Franco Ruffini, Ferdinando Taviani, Mirella Schino, Nicola Savarese organise a present for the thirtieth birthday of the Odin Teatret, Holstebro, 1994, Photo Roberta Carreri

Questo articolo è disponibile anche in: Italiano

Mirella Schino

What I am about to tell you is a story about theatre and its studies, but also an interesting one per se, which concerns the foundations of memory: the relationship – very different from the one we are used to –, that several years ago developed between a group of scholars and some performers. Between study and practice. This story, however, must be recounted starting from the previous experience of these scholars, one that was also anomalous.

Pupils of Giovanni Macchia, a renowned scholar on French studies passionate about theatre, most of them cemented their relationship while participating in an ambitious project conceived by Ferruccio Marotti: a vast documentary survey of theatre in many volumes, for the publisher Il Saggiatore, which never saw the light of day. It was a relatively large group, which also included Nicola Savarese and Clelia Falletti, though also for reasons of space I will only talk about a few of its members: Fabrizio Cruciani, Franco Ruffini (a physicist who switched to theatre studies), Ferdinando Taviani.

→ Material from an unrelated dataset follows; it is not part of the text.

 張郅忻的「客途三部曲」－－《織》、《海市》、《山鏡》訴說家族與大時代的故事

Together, they made up a group within the group and were also its most influential members. What was essential, in fact, was precisely the variety of such an environment, formed by very different personalities.

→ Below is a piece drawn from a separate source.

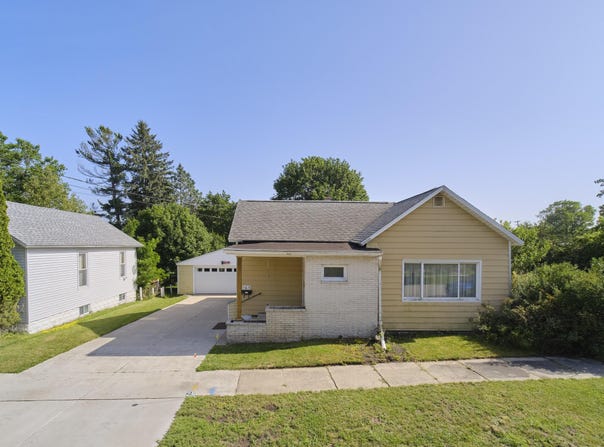 163 Van Buren Street, Manistee, MI 49660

The collaborative work favoured a relationship that was unusual in the humanities: it consisted in reading, discussing, and exchanging ideas in a common physical space, where the members of the group all worked on a daily basis. They also shared a combative vision of performing arts studies, which led to the involvement of Claudio Meldolesi, also a pupil of Macchia, who was not part of Il Saggiatore’s project. Meldolesi had graduated as an actor from the Accademia Nazionale d’Arte Drammatica, was engaged in intense political activity with extreme left-wing groups and had developed a militant reflection on the art and role of actors. It is fair to say that all four became the most eminent scholars of their generation. They should not be mythicised, but they were extraordinary people (I am speaking of them in the past tense because Cruciani, Meldolesi and Taviani passed away, all three prematurely). It was an excellent group, and a group of peers, a rare phenomenon, with a great impact, which was also feared.

The turning point in the practice of theatre came in the early 1970s in Rome when Cruciani, Ruffini and Taviani, not yet thirty, came into contact, again through Marotti, with the then very young Odin Teatret, a Danish anomalous avant-garde group, directed by an Italian, Eugenio Barba, a pupil of the great Polish director Jerzy Grotowski. Unlike so many, they were not struck by aesthetic or technical novelties, but by something else, a different way of doing theatre: as a group, for example; by the fact that its complex activity was not just aimed at performance; actors received different training, and the kind of commitment was different for everyone; finally, they had a particular relationship with the audience. This perspective, which focused on aspects that for other observers were secondary, allowed the development of an equal form of collaboration.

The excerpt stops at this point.